But if you remember anything about IE in the ’90s, it’s probably the word bundling. United States v. Microsoft centered on the tight integration of IE with Windows. If you had Windows, you had to have IE. By the time the lawsuit reached a settlement, IE was entrenched as the dominant browser.

Fast forward to the present. What an enlightened age we live in. Open-source has won and the browser market has fragmented. Firefox broke the IE hegemony, and Chrome killed it. The web browser really is an operating system.

But if you look around at software today, “bundling” is still with us, even in open-source software, that champion of choice and touchstone of tinkering.

To take an example (and to get the taste of IE out of your brain) let’s look at Hystrix, a Java fault-tolerance framework written at Netflix. First let me say that Hystrix is a fantastic piece of engineering. Netflix has given a great gift to the open-source community by releasing, for free, an essential part of their software infrastructure. I’ve learned a lot by studying the Hystrix documentation and source code.
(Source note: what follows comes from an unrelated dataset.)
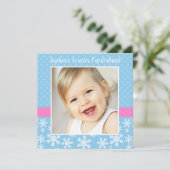 Invitation Couteaux de neige mignons Hiver Onederland Photo A (Debout devant)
But if you want to use Hystrix in your application, you have to use RxJava and Netflix’s Archaius configuration management framework. Via transitive dependencies, you also have to use Google’s Guava, the Jackson JSON processor, SLF4J, and Apache’s Commons Configuration, Commons Lang, and Commons Logging. For those of you keeping score at home, that’s two different logging APIs, two configuration APIs, and two grab-bag “utility” libraries.

There’s nothing wrong with these library choices. They may be suitable for your application or they may not. But either way, you don’t get a choice. If you want Hystrix, you have to have RxJava and all the rest. Even if you choose to ignore, say, Archaius, it’s still there, linked into your application code, with whatever bugs and security holes it might carry.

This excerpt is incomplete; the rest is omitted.